Prompt >> Since the listing below shows pictures, leave them out and write out exactly the lines from the line with "Washing Machine Start" to the line with "Headlights Pair for", both included, and no others.

Record excerpts >>
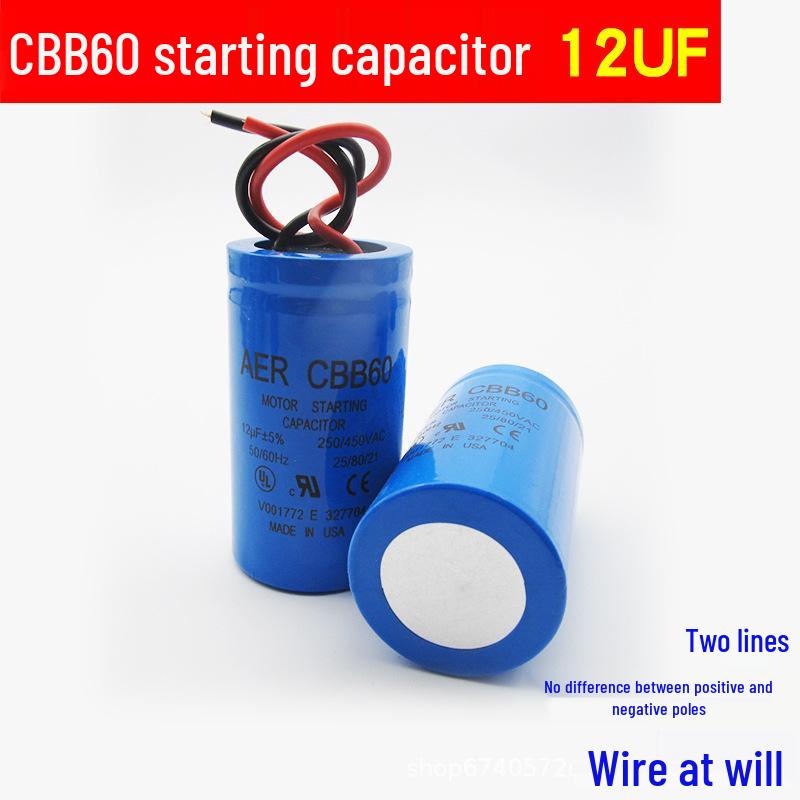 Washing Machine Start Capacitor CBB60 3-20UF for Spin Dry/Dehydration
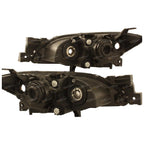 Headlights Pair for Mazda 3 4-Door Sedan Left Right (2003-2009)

==

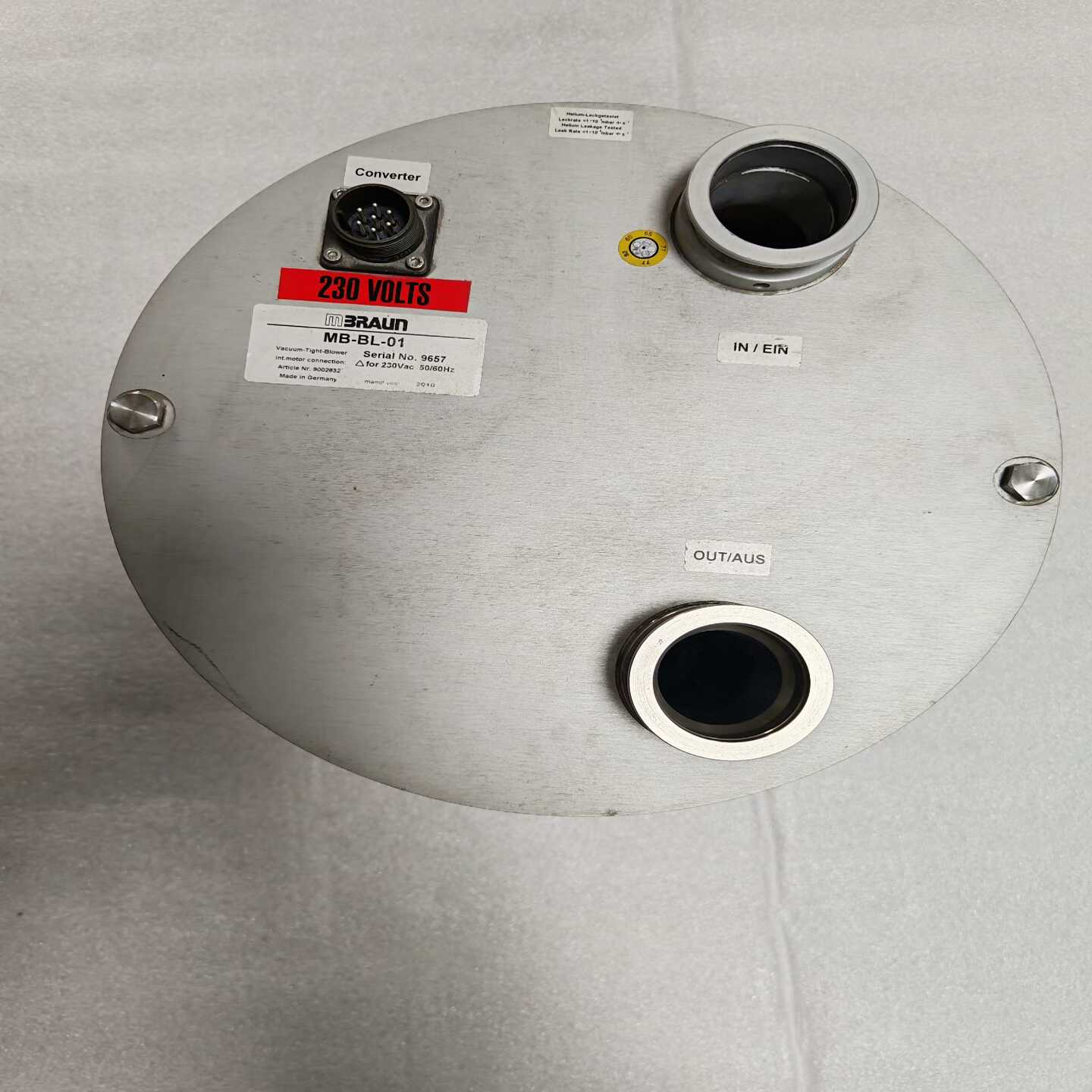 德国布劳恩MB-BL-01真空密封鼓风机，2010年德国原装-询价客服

Result for this exercise >>
 Washing Machine Start Capacitor CBB60 3-20UF for Spin Dry/Dehydration
 Headlights Pair for Mazda 3 4-Door Sedan Left Right (2003-2009)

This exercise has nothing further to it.